The project in the Sistine Chapel was a legitimate conservation campaign conducted by professionals of international reputation, and it was intended to preserve a great work of art and to make it available to all as it looked in the artist’s lifetime, or at least in the few years after it was painted—before the many candles in use in the Chapel left their mark on it. The finding and uncovering of the Battle of Anghiari, on the other hand, serves a more limited purpose. Since we know if was in bad shape from the beginning, it is unlikely to tell us much more than we already know from its early copies, any more than the Last Supper in its present state resembles the work as it was when Leonardo finished it. It will be most valuable in expanding our knowledge of an unsuccessful technique Leonardo employed only that once. Leonardo’s composition is alive in the modern psyche more through its myriad copies and imitations than it is in its material existence as an art object. Just as we may venerate the most risible travesty of the Last Supper with the full validity of faith, standing in front of the wreck of Leonardo’s famous painting may be a rewarding pilgrimage for believers in art. Having the flakes and smears of Leonardo’s renowned misadventure may also be of some value and even use—that is, if it can be obtained without harming another work of singular importance. On the other hand the goals and methods of the National Geographic project have never been set forth in any serious way. In fact, they have only been presented as a sensationalistic exercise in Dan Brownism, a kind of treasure hunt, like the ongoing explorations of the Titanic—a performance Seracini and Renzi have participated in with considerable zest. If Seracini fails in the tv episode slated for January, there can be ominous intimations of a future expedition.

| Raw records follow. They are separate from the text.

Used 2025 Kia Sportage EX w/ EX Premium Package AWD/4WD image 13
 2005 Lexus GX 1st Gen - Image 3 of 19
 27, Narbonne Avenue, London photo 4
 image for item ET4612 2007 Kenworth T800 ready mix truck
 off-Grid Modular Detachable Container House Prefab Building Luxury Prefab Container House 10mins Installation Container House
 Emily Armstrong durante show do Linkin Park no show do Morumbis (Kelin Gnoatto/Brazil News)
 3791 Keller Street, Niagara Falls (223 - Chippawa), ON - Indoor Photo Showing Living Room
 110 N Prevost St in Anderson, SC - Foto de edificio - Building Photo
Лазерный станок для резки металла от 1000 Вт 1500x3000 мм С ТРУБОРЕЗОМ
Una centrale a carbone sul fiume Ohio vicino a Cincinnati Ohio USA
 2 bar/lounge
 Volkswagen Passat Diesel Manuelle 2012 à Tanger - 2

If Italian intellectuals and the art historical community at large have had enough of the commercial exploitation of cultural treasures, we can only applaud them. Their present uprising has something of the “Occupy” Movement about it. While they are informed people and have plenty of solid reasons for their stance, the spontaneous explosion of support indicates that these people have just had enough of the crass exploitation of the best our culture has left behind. In this sentence I have perhaps said more than I have intended…but I believe it to be true that our culture has “left itself behind.” The Da Vinci Code, which I found unreadable, has done as much harm to our reading life as it has to Leonardo’s legacy. Tour companies, second-rate galleries in Italy, even museums have tried to tag along with the craze, in order to get a few more bodies through the door. It was a dark day when cultural institutions got the idea that something had to grab the attention of hundreds of thousands or millions of people to be worthwhile. Hence the blockbuster exhibition, Venice’s eight million yearly visitors, and Peter Gelb’s Metropolitan Opera. I have only just learned that Leonardo da Vinci: Painter at the Court of Milan, the current exhibition at the National Gallery in London, will be shown as an HD experience in cinemas across Europe and the Western Hemisphere. While there’s no reason to think that this exhibition is anything other than a serious initiative, it will be a lucrative one for the National Gallery (Who can complain, if it helps pay for Diana and Actaeon?) and the scalpers lurking about Trafalgar Square. I’m sure Matteo Renzi, just having received $250,000 down, eagerly envisions endless queues of tourists snaking about the Piazza della Signoria with twenty euro bills in hand to buy their tickets to see “Da Vinci’s” great masterpiece. It all bring Billy Wilder’s great film Ace in the Hole to mind. In the early twentieth centuries, some people were converted to Baconianism or Oxfordianism by their sheer disgust with the Stratford cult, its own tourist industry—minuscule in comparison to what we know today—and the traffic in quaint gewgaws purported to have belonged to the poet or at least to be an approved replica of one of his possessions. (Like Henry James, I will not mention his name.) Sometimes one might even wish that Leonardo da Vinci would just go away, the his oeuvre could be proven to be the work of a committee or a random lot of forgers!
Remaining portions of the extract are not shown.